++++ Record extracts

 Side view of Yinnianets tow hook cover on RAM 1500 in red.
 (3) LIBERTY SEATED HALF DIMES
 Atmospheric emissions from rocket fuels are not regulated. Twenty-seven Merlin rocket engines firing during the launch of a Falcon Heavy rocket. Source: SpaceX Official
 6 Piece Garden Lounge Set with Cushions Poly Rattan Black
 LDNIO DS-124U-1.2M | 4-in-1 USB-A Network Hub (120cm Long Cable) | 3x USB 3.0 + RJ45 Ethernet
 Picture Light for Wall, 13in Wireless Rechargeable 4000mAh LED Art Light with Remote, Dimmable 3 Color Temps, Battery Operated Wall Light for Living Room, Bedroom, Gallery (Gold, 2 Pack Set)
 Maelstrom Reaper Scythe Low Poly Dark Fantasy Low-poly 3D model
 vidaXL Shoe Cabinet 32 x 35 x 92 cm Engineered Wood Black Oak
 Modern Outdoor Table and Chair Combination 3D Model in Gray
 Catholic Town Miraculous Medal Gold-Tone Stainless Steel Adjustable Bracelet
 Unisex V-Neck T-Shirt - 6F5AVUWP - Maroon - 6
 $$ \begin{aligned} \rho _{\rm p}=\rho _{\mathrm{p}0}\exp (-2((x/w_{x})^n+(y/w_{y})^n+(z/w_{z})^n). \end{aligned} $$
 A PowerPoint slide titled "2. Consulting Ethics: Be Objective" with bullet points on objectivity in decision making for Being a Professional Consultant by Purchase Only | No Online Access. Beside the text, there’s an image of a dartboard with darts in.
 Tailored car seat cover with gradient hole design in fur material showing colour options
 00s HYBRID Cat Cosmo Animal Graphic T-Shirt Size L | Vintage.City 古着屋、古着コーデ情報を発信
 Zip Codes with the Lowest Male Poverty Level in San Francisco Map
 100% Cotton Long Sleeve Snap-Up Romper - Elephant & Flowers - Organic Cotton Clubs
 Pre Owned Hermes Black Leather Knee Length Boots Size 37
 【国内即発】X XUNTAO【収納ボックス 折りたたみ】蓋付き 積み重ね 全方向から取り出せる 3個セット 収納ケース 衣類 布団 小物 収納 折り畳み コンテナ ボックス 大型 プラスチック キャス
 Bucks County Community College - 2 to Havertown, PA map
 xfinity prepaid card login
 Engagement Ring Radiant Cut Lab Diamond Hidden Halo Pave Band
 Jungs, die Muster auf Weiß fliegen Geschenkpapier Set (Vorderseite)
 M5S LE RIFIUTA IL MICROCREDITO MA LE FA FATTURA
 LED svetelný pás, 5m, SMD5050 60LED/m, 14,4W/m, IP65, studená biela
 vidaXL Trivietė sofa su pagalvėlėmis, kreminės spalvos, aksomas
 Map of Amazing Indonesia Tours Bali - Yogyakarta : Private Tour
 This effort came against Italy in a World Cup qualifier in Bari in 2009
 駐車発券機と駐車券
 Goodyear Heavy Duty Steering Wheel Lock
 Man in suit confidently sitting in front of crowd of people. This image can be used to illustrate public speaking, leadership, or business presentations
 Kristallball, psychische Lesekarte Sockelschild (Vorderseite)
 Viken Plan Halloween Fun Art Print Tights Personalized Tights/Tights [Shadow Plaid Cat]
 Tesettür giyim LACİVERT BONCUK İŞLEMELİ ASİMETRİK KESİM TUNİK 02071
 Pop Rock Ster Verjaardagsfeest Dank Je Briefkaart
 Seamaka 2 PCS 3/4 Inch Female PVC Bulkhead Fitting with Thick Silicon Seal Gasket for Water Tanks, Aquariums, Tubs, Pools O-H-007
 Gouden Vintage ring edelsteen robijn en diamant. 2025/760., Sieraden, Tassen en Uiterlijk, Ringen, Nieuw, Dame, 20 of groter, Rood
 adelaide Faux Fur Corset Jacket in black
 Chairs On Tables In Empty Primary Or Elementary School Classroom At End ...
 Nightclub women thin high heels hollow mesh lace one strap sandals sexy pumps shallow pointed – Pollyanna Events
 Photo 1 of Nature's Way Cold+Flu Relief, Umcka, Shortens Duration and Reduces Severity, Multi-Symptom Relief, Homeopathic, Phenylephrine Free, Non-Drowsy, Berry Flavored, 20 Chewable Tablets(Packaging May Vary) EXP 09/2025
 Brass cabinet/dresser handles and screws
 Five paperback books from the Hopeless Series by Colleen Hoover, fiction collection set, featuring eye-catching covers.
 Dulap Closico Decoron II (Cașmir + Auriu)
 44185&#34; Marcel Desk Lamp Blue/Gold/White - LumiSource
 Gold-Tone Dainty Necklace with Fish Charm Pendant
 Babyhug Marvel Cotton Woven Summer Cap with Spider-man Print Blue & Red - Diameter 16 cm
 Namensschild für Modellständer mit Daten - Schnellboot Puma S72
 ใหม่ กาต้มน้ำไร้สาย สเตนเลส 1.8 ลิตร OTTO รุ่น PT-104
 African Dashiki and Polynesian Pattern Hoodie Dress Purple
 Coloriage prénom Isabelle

++++++++

Goal of the exercise
Each line in the data where the string "Cotton" occurs should be identified and copied.

Solution to this task
 100% Cotton Long Sleeve Snap-Up Romper - Elephant & Flowers - Organic Cotton Clubs
 Babyhug Marvel Cotton Woven Summer Cap with Spider-man Print Blue & Red - Diameter 16 cm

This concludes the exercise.